Hear this moment in the call →
Also worth a look on the call
Guidance raise. Confirms the raise but also frames the modest underlying growth rate. The $2M lift is small, so the headline raise is more about cash flow and margin than top-line acceleration.  listen →
M&A / Capital allocation. Progress is a serial acquirer, so seller price expectations resetting lower is directly relevant to its next deal. It signals the acquisition pipeline could get cheaper, which matters for a company whose growth comes substantially from M&A.  listen →
Deleveraging / Free cash flow. The balance-sheet repair is the core of the equity story right now. Leverage falling from 3.4x toward 2.8x by year end frees up capacity for buybacks and the next acquisition.  listen →
What changed from last time
 Guidance
Raised full-year revenue to $990M to just over $1B and lifted adjusted free cash flow guidance to $271M to $283M, both increases from prior. Q3 guided to $244M to $250M revenue and $1.53 to $1.59 EPS.
 Demand
Broad-based strength across the portfolio, with the Progress Data Platform and MarkLogic singled out on AI use cases. ShareFile is normalizing after post-acquisition cleanup.
 Margins
Operating margin of 40% beat expectations on strong incremental margins and cost discipline; full-year margin guided to about 39%.
 Balance sheet
Net leverage improved to 2.9x from 3.4x at the start of the year, with about $220M of net debt repayment and roughly $75M of buybacks planned for the full year.
Biggest positive surprise
The beat was broad and high quality on cash. Adjusted free cash flow of $79M more than doubled the $37M from a year ago, driven by strong collections and operating performance, and the company raised its full-year free cash flow outlook. For a name valued on cash generation and deleveraging, that is the most important line in the print.
Biggest negative surprise
Despite the beat and raise, the stock fell about 2.8% after hours. The likely culprit is that the quarter leaned on favorable subscription renewal timing, a benefit management explicitly called out as one-time, and the full-year revenue guide still implies only 1% to 2.5% growth, so the underlying trajectory did not actually accelerate.
From the analyst Q&A
On the M&A pipeline, Gupta said seller valuation expectations are beginning to reset lower across the 50 to 60 targets the company speaks with each quarter, suggesting a cheaper acquisition environment ahead. Management also reiterated that the Progress Data Platform momentum continued after last quarter's seven-figure win, the data point investors are watching to judge whether the AI thread can lift the growth rate.

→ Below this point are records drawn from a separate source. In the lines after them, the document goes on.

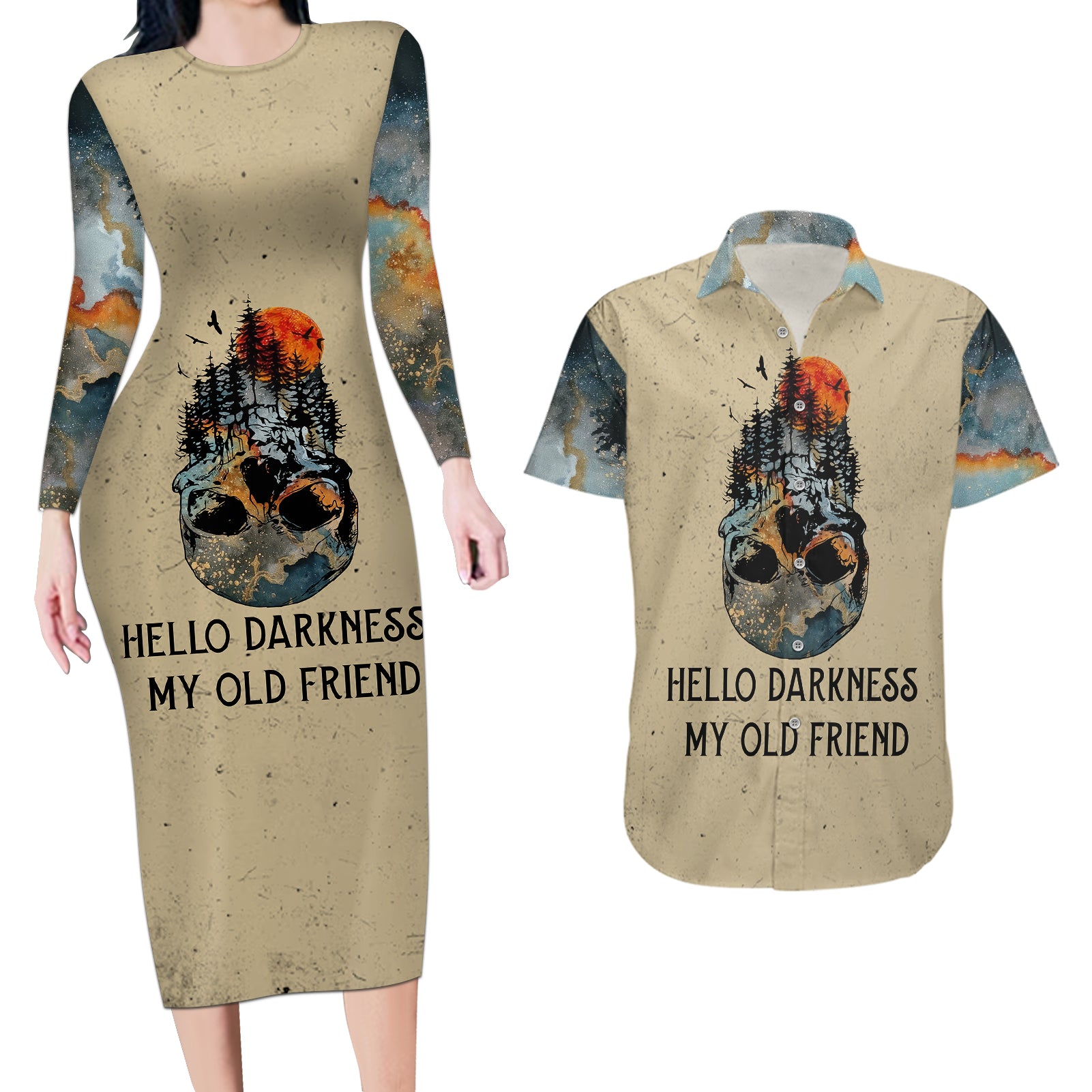 skull-couples-matching-long-sleeve-bodycon-dress-and-hawaiian-shirt-hello-darkness-my-old-friend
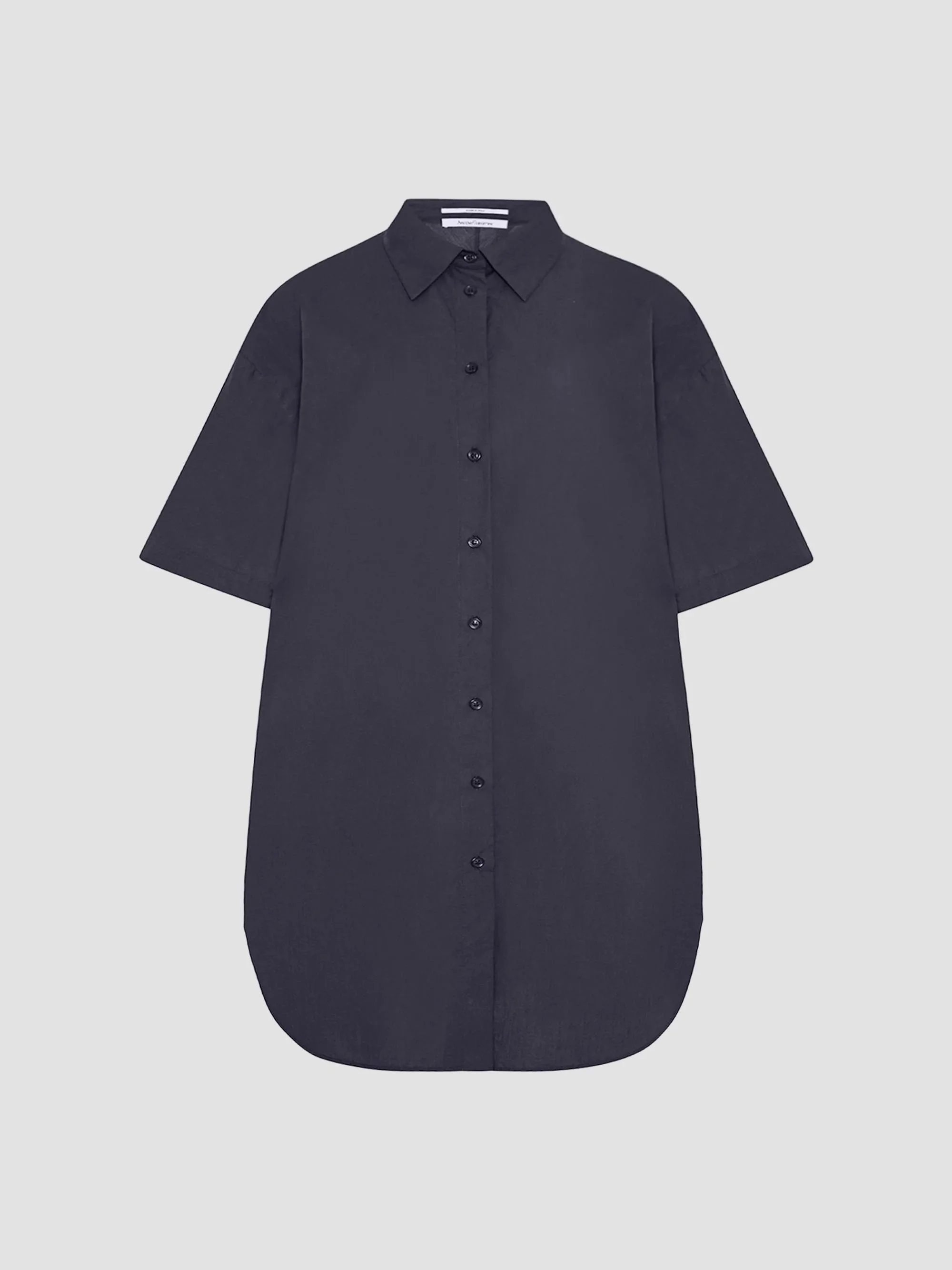 Women's Short Shirt Dress - Midnight - 1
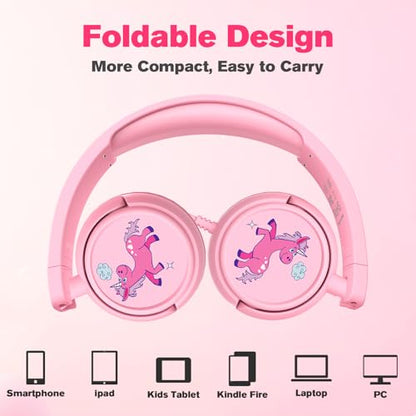 K6 Kids Headphones for Toddler & Kids Ages 2-12, 85/94dB Safe Volume Limited, Wired with 3.5mm Jack, HD Microphone, Adjustable & Foldable, On-Ear Headphones for Tablet, School, Travel, iPad - color: Pink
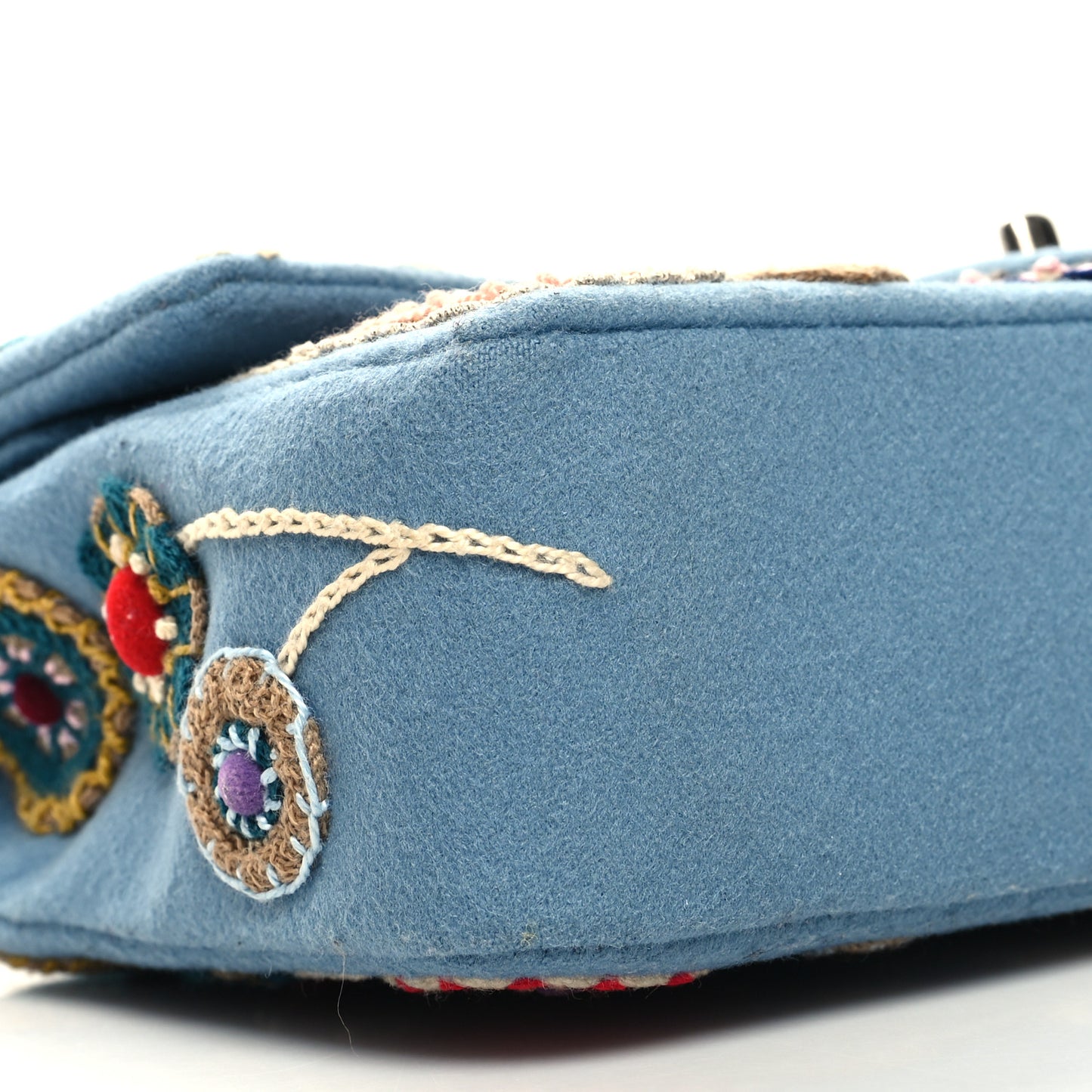 Felt Flower Embroidered Medium Double Flap Blue Multicolor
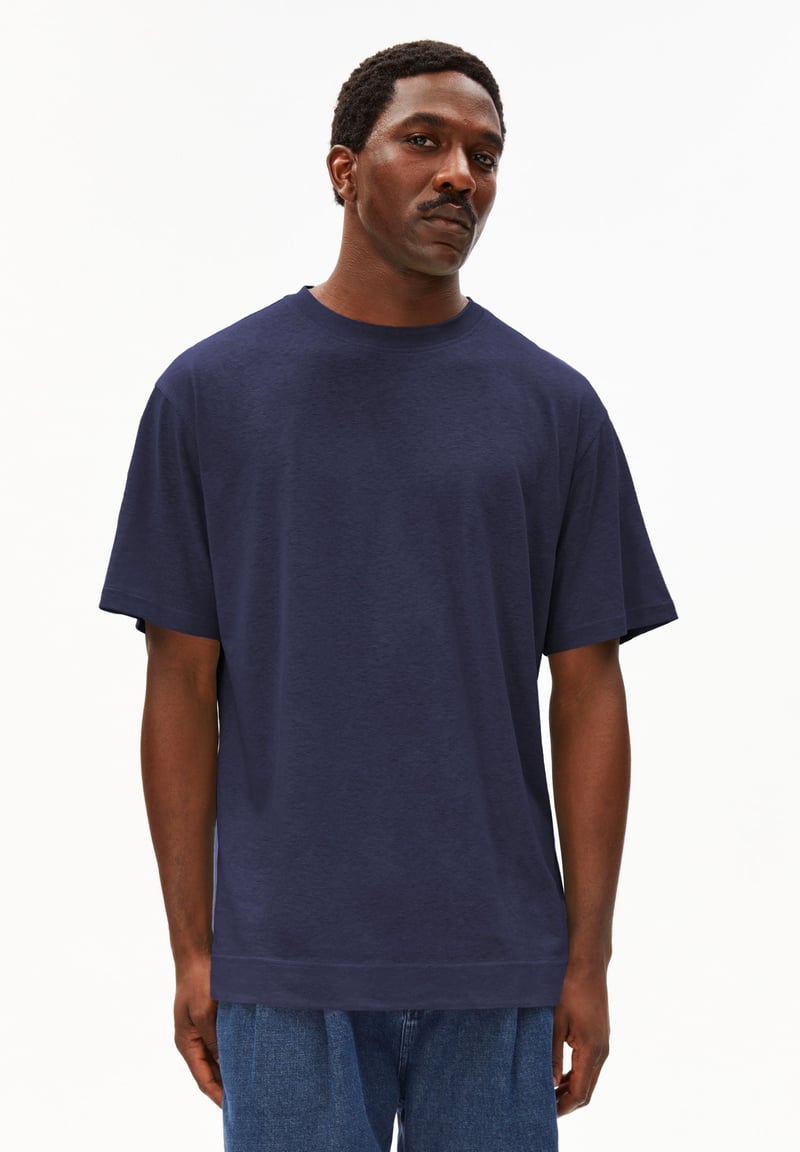 MAARKOS LINEN BLEND T-SHIRT | tinted navy by ARMEDANGELS, 70% Cotton, 30% Linen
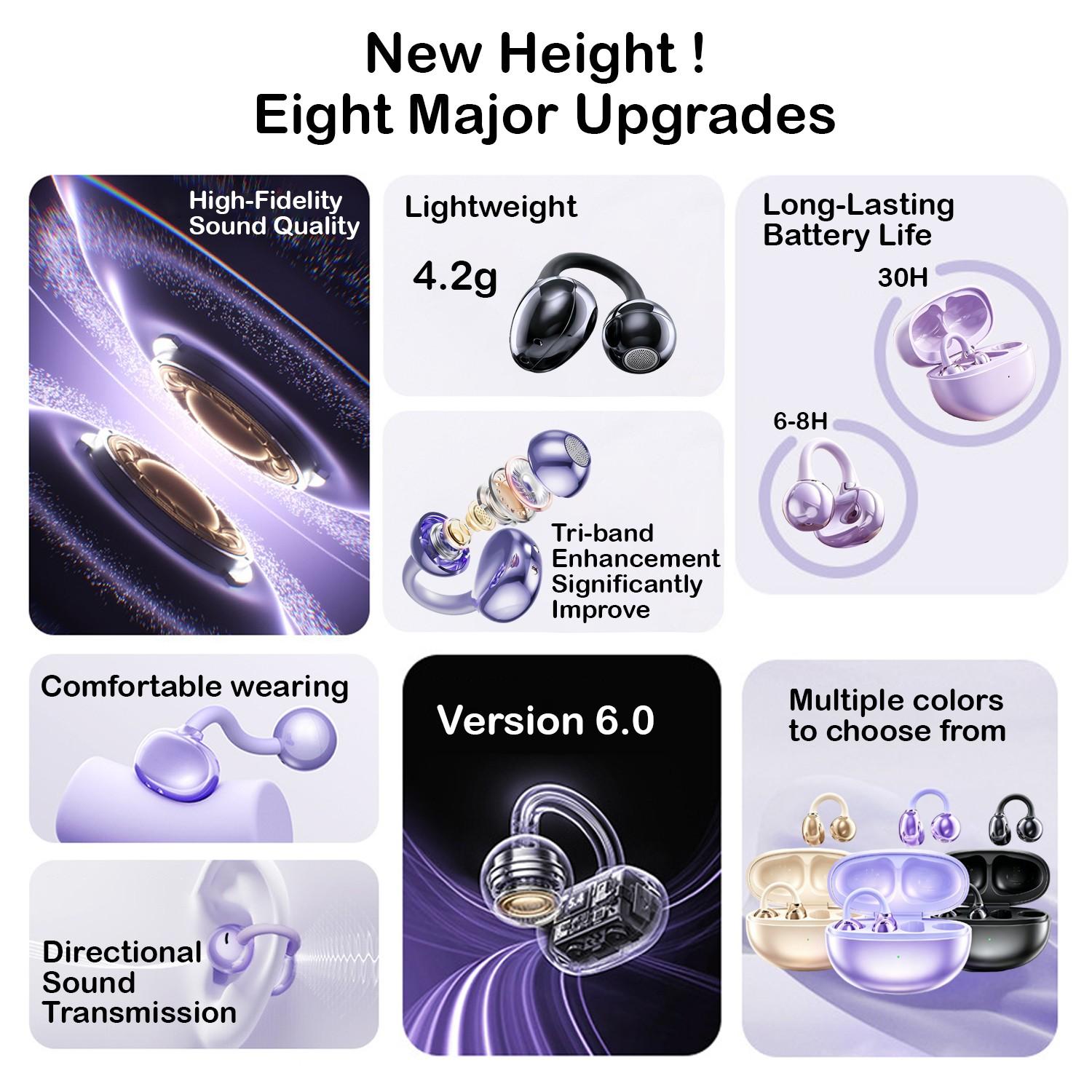 Open-Ear Wireless 6.0 Earphones for iPhone & Android, Bluetooth-compatible Ear Clip Headphones, Headset, Directional Sound, Pain-Free Fit, Multi Color Options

Read-through for other stocks
Progress is a steady read on enterprise software demand rather than a sector mover, but the Data Platform and MarkLogic commentary is a constructive data point for the enterprise-AI data-layer theme that also touches names like MongoDB and Elastic. The deleveraging-and-buyback playbook echoes other private-equity-style software roll-ups. There is no clean ETF read-through given the size, though it sits in broad software baskets like IGV.